The date was June 15, 1992. It was campaign season. President George H.W. Bush and Vice President Dan Quayle were losing ground in the polls, and on this Monday morning Quayle was scheduled for a few campaign stops. After a 45-minute speech in Manhattan on the failure of Democratic policies in New York, it was time to head down to the Munoz Rivera School in Trenton, New Jersey, where the vapid veep was scheduled to sit in on the "Weed and Seed" anti-drug program, followed by a staged spelling bee.
Enter spelling bee participant William Figueroa, a chubby Puerto Rican 12-year-old from South Trenton whose unintentional stint in the political sphere would soon become the subject of many a comic routine. Figueroa stood at the chalkboard. The word was given: Potato. He printed it out in chalk: P-O-T-A-T-O.
"You’re close," Quayle said, "but you left a little something off. The e on the end."
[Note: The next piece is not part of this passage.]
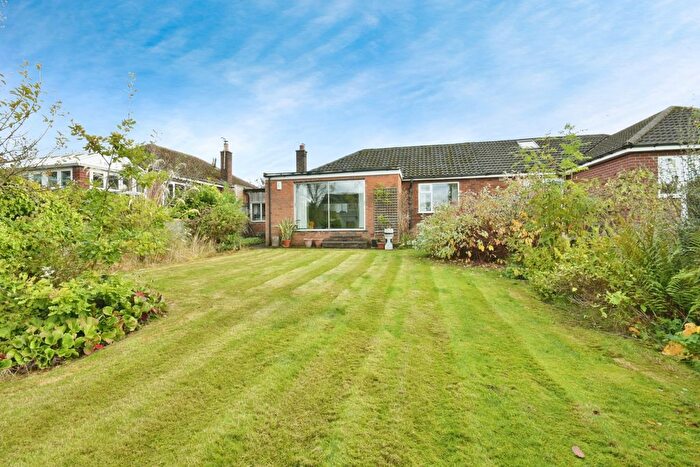 2 Bedroom Bungalow For Sale In Bridgefield Close, High Lane, Stockport, Greater Manchester, SK6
Young William was pretty sure he'd gotten the word right, but since this was the Vice President talking, he added the "e" anyway and sat down as scant applause came from the onlookers. When the event wrapped up, a reporter approached him, clutching a dictionary. He asked, "Did you know that you spelled potato right?"
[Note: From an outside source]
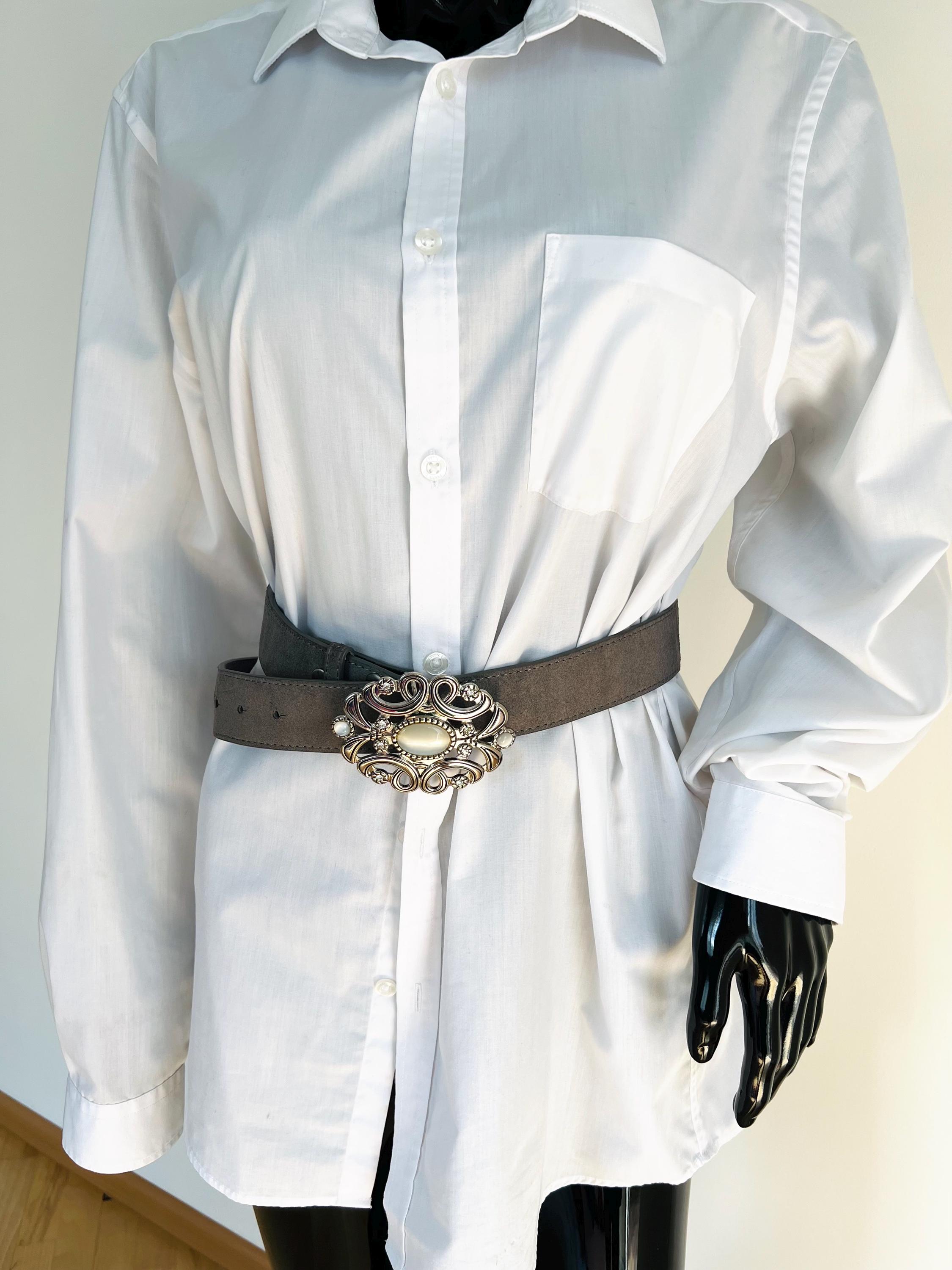 Vintage 80s gray suede belt Vintage 80s Gray Suede Leather Belt With Ornate Statement  main image 4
The rest is pure gold. At a press conference held afterward, a reporter (perhaps the same one as before) was called on by Quayle for a question. The inevitable question came, "How do you spell potato?" Quayle (according to his 1994 memoir, Standing Firm) "...gave him a puzzled look, and then the press started laughing. It wasn’t until that moment that (Quayle) realized anything was wrong." Apparently, none of Quayle's staff had informed him of his gaffe.
Word of Quayle's "Spud Problem" spread quickly, and William Figueroa enjoyed his 15 minutes of fame. Local paper The Trentonian carried a quote from Figueroa the following day saying the spelling bee "showed the rumors about the vice president are true -- that he's an idiot" (Figueroa now claims that he was misquoted). David Letterman got the kid's number from the newspaper and invited him onto his show. While on national TV, Figueroa refused to call the Vice President an idiot (Trenton mayor Doug Palmer had apparently warned his parents that "Weed and Seed" funding could be slashed if William angered Dan Quayle). He did say this, however: "I know he’s not an idiot, but he needs to study more. Do you have to go to college to be Vice President?"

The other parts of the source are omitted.